To the National Education Goals Panel (NEGP), ensuring that children start school ready to learn was vitally important, but ensuring that schools are ready for children was equally important. To that end, the NEGP established the Ready Schools Resource Group, led by Sharon Lynn Kagan of Columbia University and Asa Hilliard of Georgia State University.

The Resource Group’s 1998 report reflected the NEGP’s concerns and interests: “While other efforts are now under way to determine how we can better prepare young children to enter our schools, this report asks: How can we prepare schools to receive our children? How can we make sure that schools are ready for the children and families who are counting on them?”

The report identified 10 keys to ready schools:

  1. Ready schools smooth the transition between home and school.
  2. Ready schools strive for continuity between early care and education programs and elementary schools.
  3. Ready schools help children learn and make sense of the complex and exciting world.
  4. Ready schools are committed to the success of every child.
  5. Ready schools are committed to the success of every teacher and every adult who interacts with children during the school day.
  6. Ready schools introduce or expand various approaches that have been shown to raise achievement.
  7. Ready schools are learning organizations that alter practices and programs if they do not benefit children.
  8. Ready schools serve children in communities.
  9. Ready schools take responsibility for results.
  10. Ready schools have strong leadership.

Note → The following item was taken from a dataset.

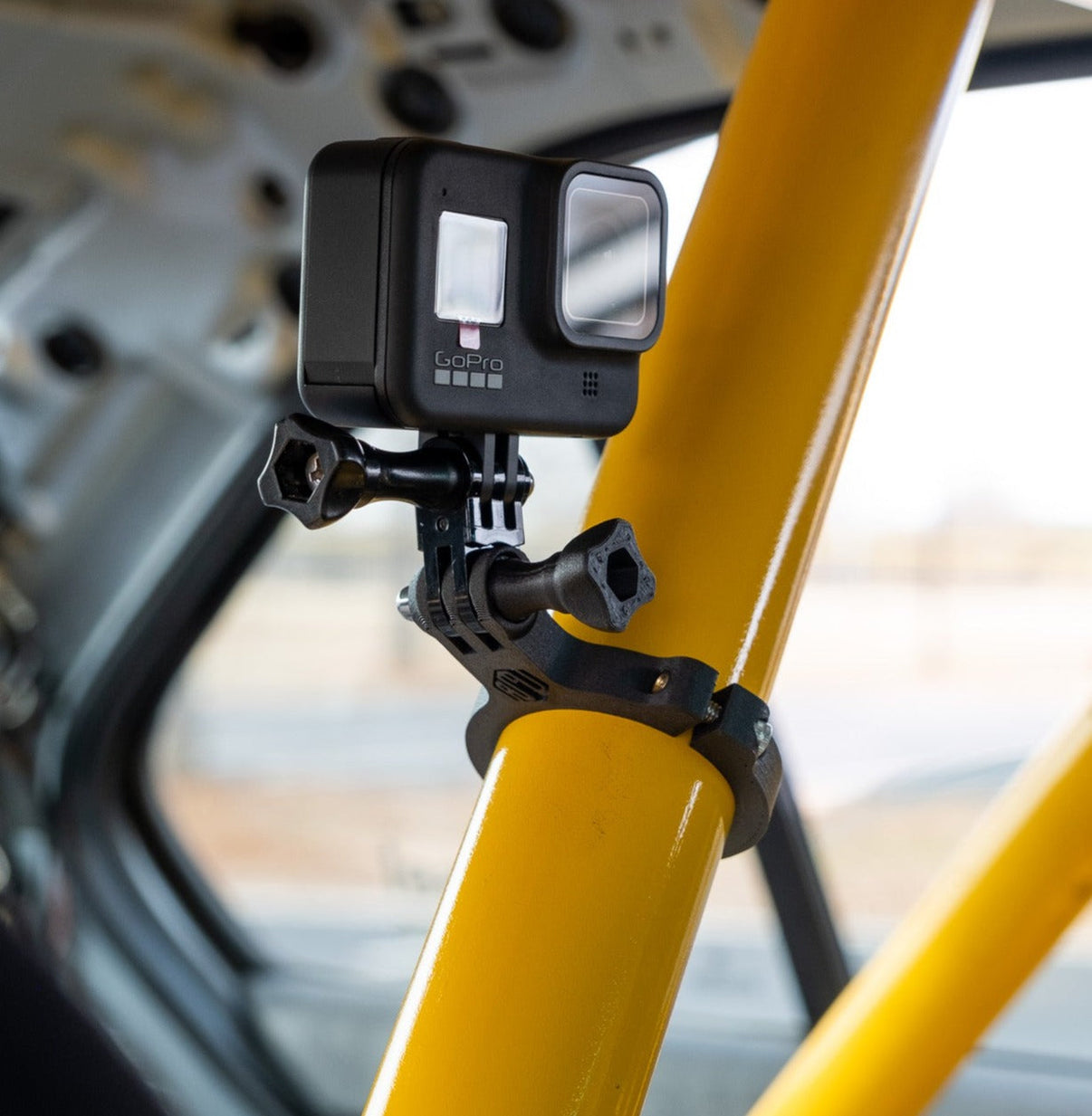 Roll Bar GoPro Mount AM Innovation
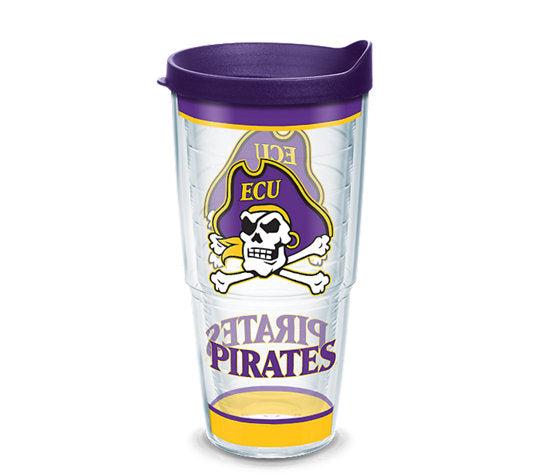 ECU 24 oz. Tradition Wrap Tumbler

Since the publication of the Ready School report, state educational departments have begun to emphasize ready schools as part of their increasing focus on early childhood and school readiness.

The aim of the High/Scope Ready School Assessment is to help schools improve their readiness for all their entering children. With the support of the W. K. Kellogg Foundation, High/Scope is working with early childhood community leaders, early childhood educators, and elementary education experts to develop, validate, and disseminate the Ready School Assessment tool.